1. People say you should read it because it is the beginning of English Literature. This is not true. It has nothing to do with the formation of English Literature. Chaucer, Shakespeare, and Milton never heard of it. After its rediscovery and translation in the 19th Century it had some minor influence on English poetry. Not much. There'd be a much better case for reading Virgil at the beginning of an English syllabus than for reading Beowulf.
2. People say you should read it because it tells you about the Old Germanic peoples that the English arose from. Well, sure. So does Old High German. So does Old Frisian. So does Old Norse. Why pick this one difficult, idiosyncratic poem -- which exists in only one manuscript, and is referred to by no other medieval writer -- and pretend it's the national epic of the English? I'll tell you why. Because the English dearly wanted to have a national epic, in the 19th Century, when nationalism was trendy, so they made one up. It will teach you precisely nothing about the English nation (whatever that is.)
3. People say it's a great poem. Well, it is, but it translates horribly. Its metrics are foreign and complicated, its images violently compressed, its stock of metaphors is alien to us. Its literary, legendary, and historical allusions are almost all to things we don't know about. Either you flatten it into dreadful broken-backed prose, or wrench it completely away from its poetic roots and stick it in a pot of blank verse or (even worse!) rhymed quatrains or heroic couplets, where it will die a ghastly death, or you create a brand new modern English verse-form that no one but a few scholars will have any idea how to pronounce.

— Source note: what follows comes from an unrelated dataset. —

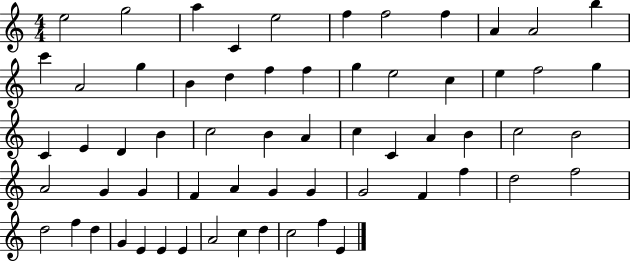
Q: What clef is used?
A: treble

Actually, of course, these are not reasons not to read Beowulf. They are just reasons not to read Beowulf in translation. If you have the time to learn Old English and find your bearings in Old Germanic culture -- it is one of the most beautiful long poems ever written. You'll be just a hop skip & jump also, then from being able to read Old Norse poetry, which is wonderful stuff too. But don't read it as English Literature. Read it as the most beautiful, intricately-wrought artifact of a dead civilization. Which is what it is. If you don't have time to learn old English, don't insult the poem by reading a translation. Just pick up a recording of it, in Old English, by someone who understands Old English metrics, and listen to the music of the words. It's like listening to the sea.